Austin Butler lascia il segno con il suo Feyd-Rautha
Per quanto riguarda il cast spiccano lo interpretazioni di Timothée Chalamet, Zendaya, Javier Bardem e di una splendida e magnetica Rebecca Ferguson nei panni di Lady Jessica. Davvero notevole il nuovo arrivato Austin Butler, attore noto per il ruolo di Elvis nell’omonimo biopic di Baz Luhrmann che gli è valso un BAFTA, un Golden Globe e una candidatura agli Oscar. Butler si cala alla perfezione nei panni del crudele e psicopatico Feyd-Rautha, nipote prediletto del Barone Harkonnen. Un ruolo che fu di Sting nel “Dune” di David Lynch, caratterizzazione a cui Butler ammicca aggiungendo un tocco personale che lo rende credibile anche quando brutalizza e umilia un gigante come Dave Bautista, nei panni di suo fratello Rabban aka “Bestia”.
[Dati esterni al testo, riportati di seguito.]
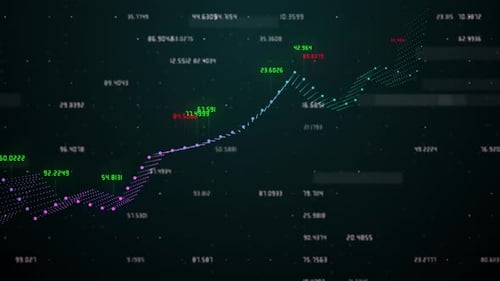 Financial Data 3D Chart Front View Trading Animation Clean 4K
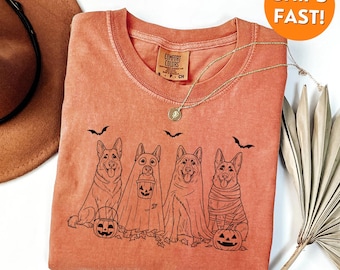 Comfort Colors® Halloween-t-shirt, Halloween-schäferskjorta, Halloween-skjorta schäfer, hundmamma-present, höstschäferskjorta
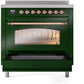 Ilve UPI366NMPEGP Nostalgie Ii 36 Inch Electric Freestanding Range In Emerald Green With Copper Trim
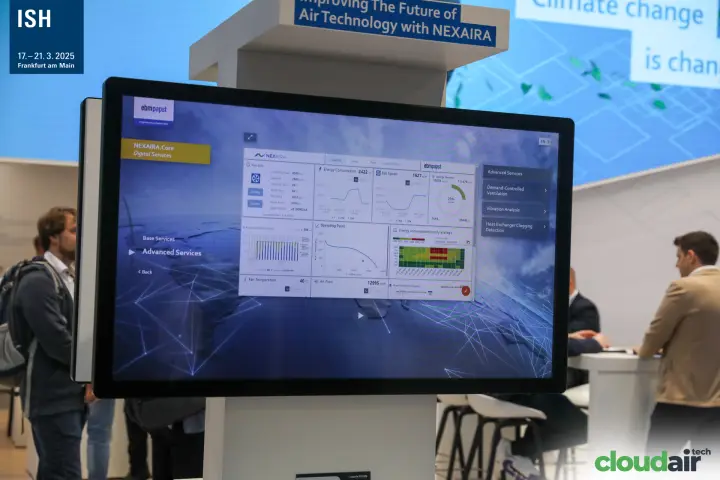 NEXAIRA.Core digital services dashboard on an ebm-papst screen at ISH 2025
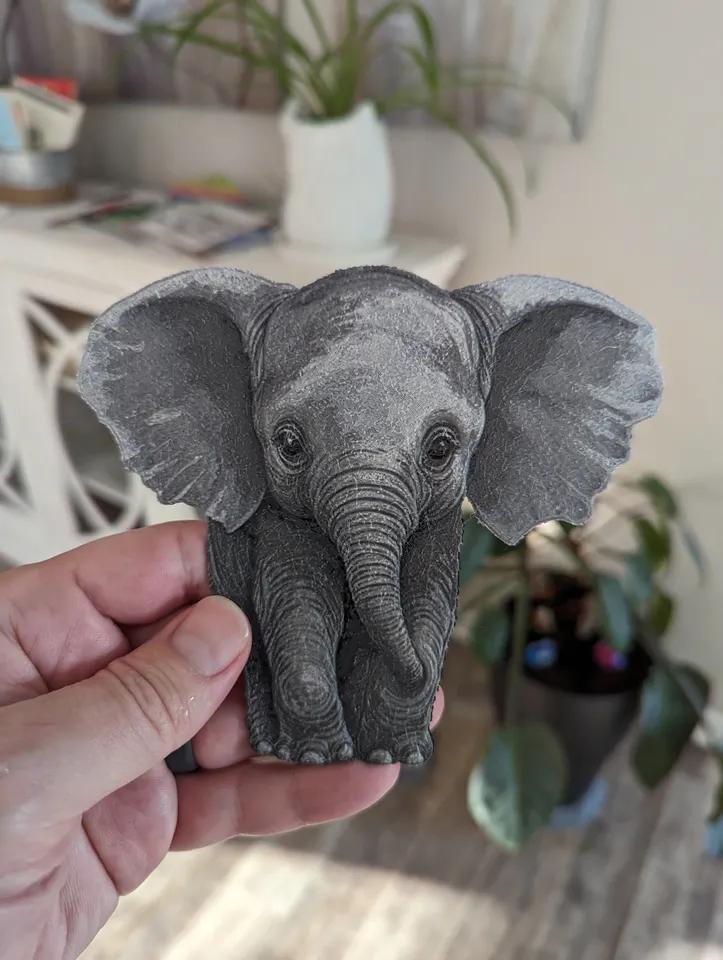 HueForge Elephant 3d model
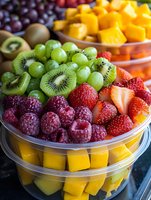 Colorful assortment of fresh cut fruits including raspberries, strawberries, kiwi, grapes, and mango in transparent containers for healthy eating or catering.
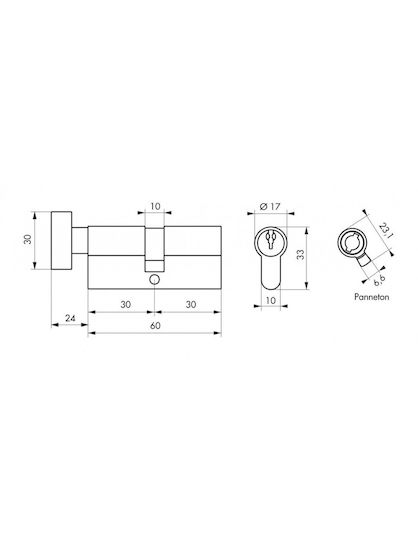 Thirard Lock Cylinder Security 60mm (30-30) with Knob and 3 Keys Silver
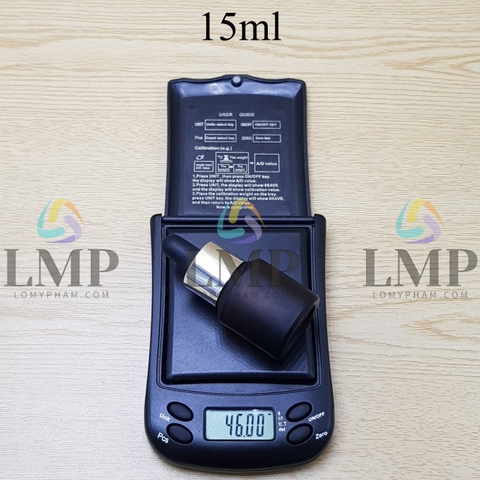 Chai thủy tinh vát nắp bóp khoen nhôm 15ml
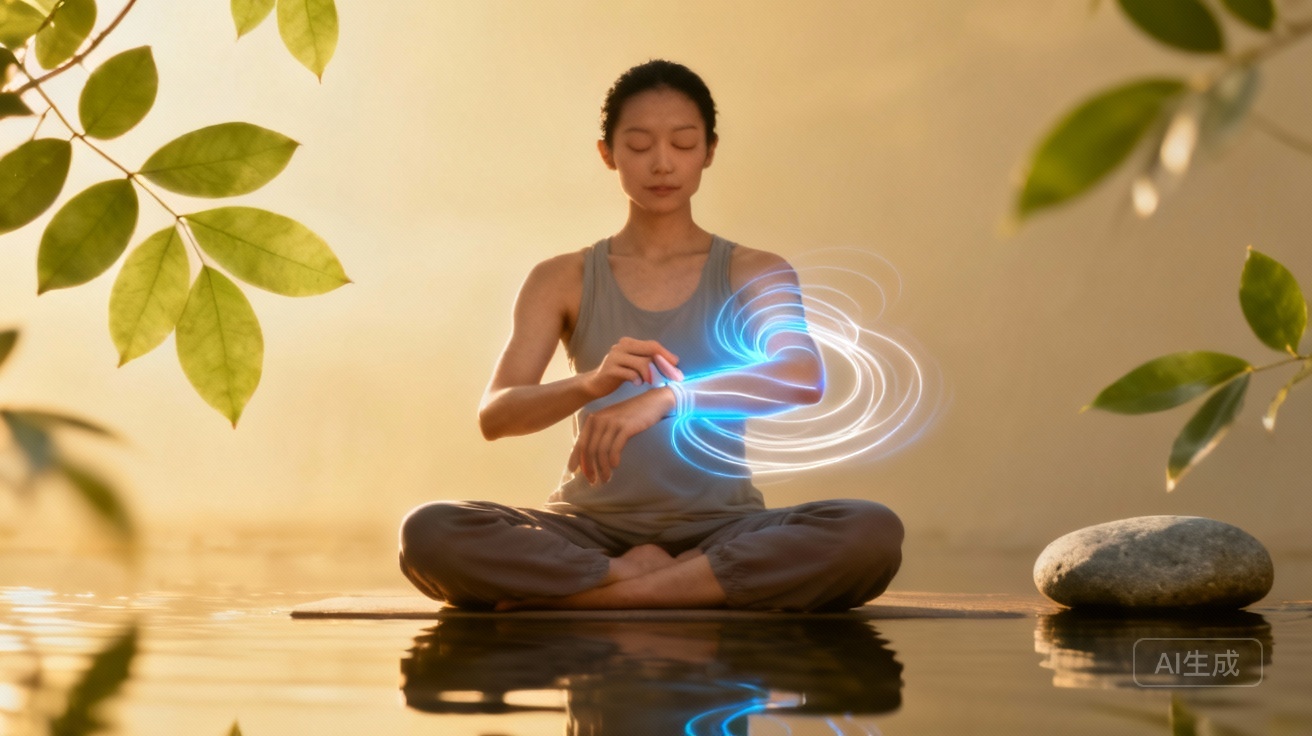 Person feeling their pulse to check for Yin Yang Imbalance, balanced energy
Dune Parte Due – …e il moderno kolossal sci-fi è servito
Villeneuve che ha scritto la sceneggiatura con il candidato all’Oscar Jon Spaihts (Prometheus, Doctor Strange), si è approcciato al romanzo pensando ad un pubblico contemporaneo. Pur mantenendo il focus sull’elemento mistico che permea l’intera trama, il regista ha utilizzato Arrakis e L’Imperium come uno specchio che ricorda lo sfruttamento eccessivo della Terra che affligge i nostri tempi. Al contempo ha anche minimizzato molti degli aspetti riguardanti l’Imperatore e la politica che circonda l’Imperium, puntando invece sul rapporto madre/figlio e sul percorso di Paul per integrarsi con l’etnia dei Fremen, poiché non tutti non accettano questo “figlio di mezzo” che in molti credono sia il messia tanto atteso.
Denis Villeneuve è riuscito laddove il troppo ambizioso Jodorowsky e un David Lynch sopraffatto dalla “macchina” hollywoodiana hanno fallito. Il regista ha riportato sul grande schermo una saga fantascientifica epocale, e lo ha fatto con tutti i crismi del capolavoro, in un mix perfettamente in grado di dosare intrattenimento, spessore narrativo ed estetica da kolossal, con budget contenuti e soprattutto ottimi incassi…si può volere di più?